Extracted records:
****************
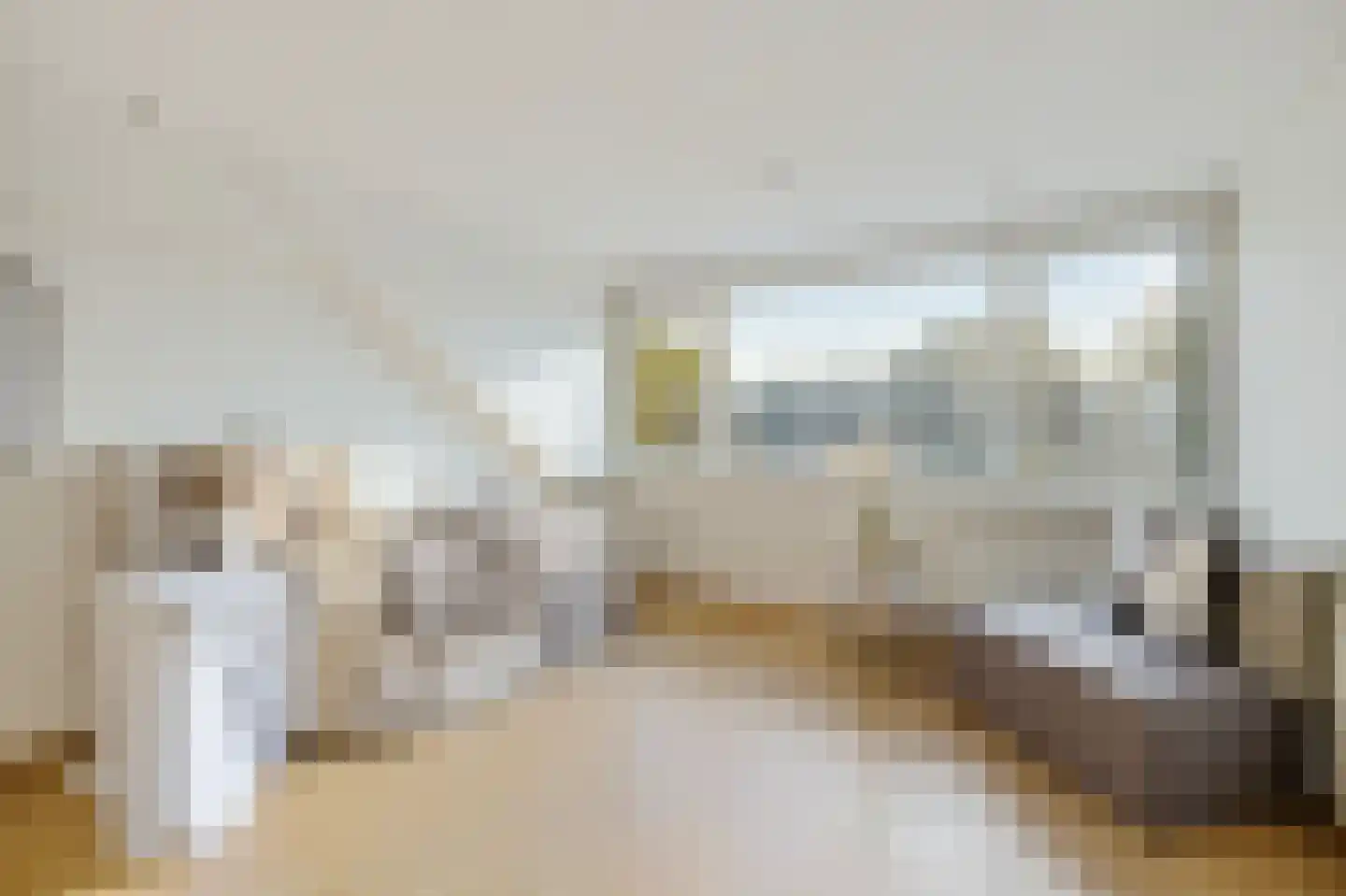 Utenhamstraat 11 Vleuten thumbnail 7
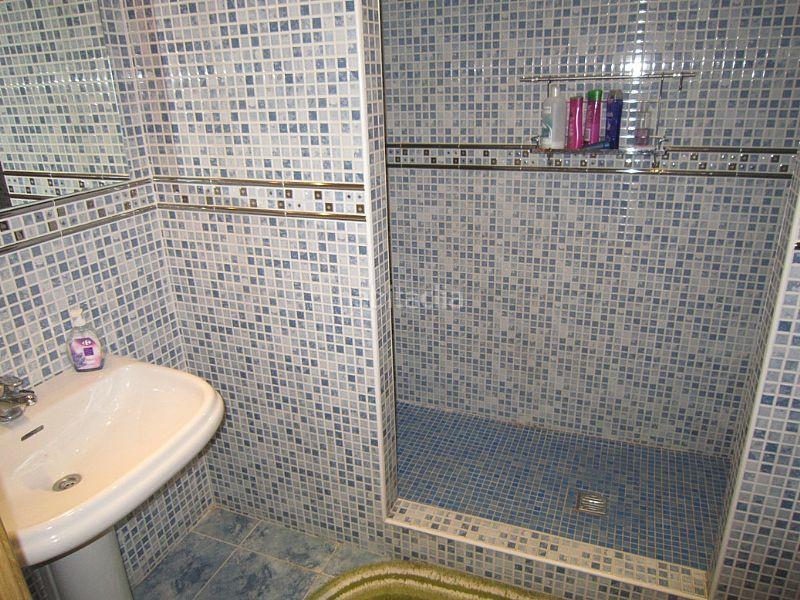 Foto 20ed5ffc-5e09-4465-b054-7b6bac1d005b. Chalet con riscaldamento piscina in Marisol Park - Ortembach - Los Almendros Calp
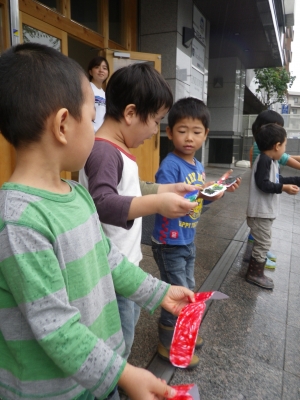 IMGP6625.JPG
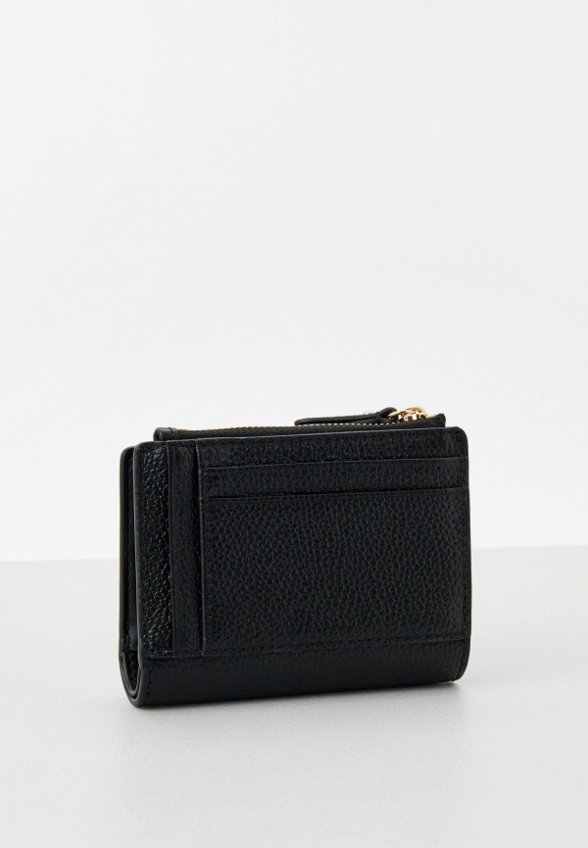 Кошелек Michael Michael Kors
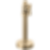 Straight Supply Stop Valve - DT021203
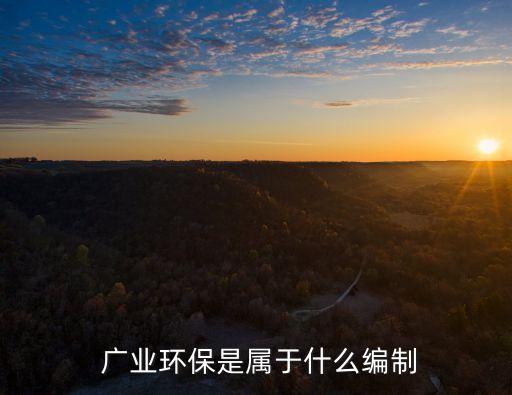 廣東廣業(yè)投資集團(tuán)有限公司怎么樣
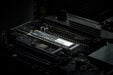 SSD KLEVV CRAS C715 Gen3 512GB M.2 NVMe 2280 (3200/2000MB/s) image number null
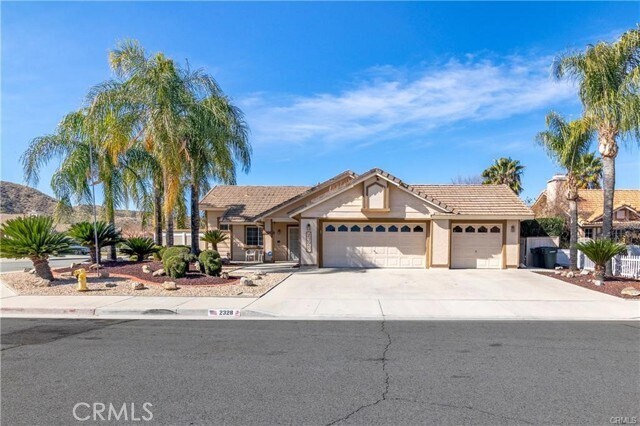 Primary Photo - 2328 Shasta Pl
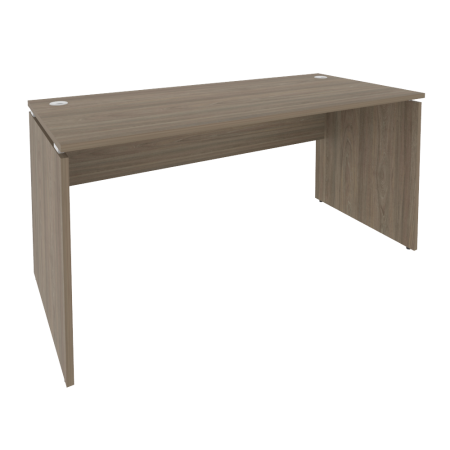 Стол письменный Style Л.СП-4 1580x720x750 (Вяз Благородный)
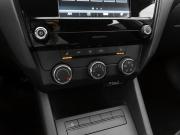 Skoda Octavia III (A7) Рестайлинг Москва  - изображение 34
****************
### EXERCISE GOAL:
Write out exactly, and only, the lines from the line holding "Кошелек Michael Michael Kors" through the end of the data, inclusive, without any pictures.

### ANSWER TO THE EXERCISE:
 Кошелек Michael Michael Kors
 Straight Supply Stop Valve - DT021203
 廣東廣業(yè)投資集團(tuán)有限公司怎么樣
 SSD KLEVV CRAS C715 Gen3 512GB M.2 NVMe 2280 (3200/2000MB/s) image number null
 Primary Photo - 2328 Shasta Pl
 Стол письменный Style Л.СП-4 1580x720x750 (Вяз Благородный)
 Skoda Octavia III (A7) Рестайлинг Москва  - изображение 34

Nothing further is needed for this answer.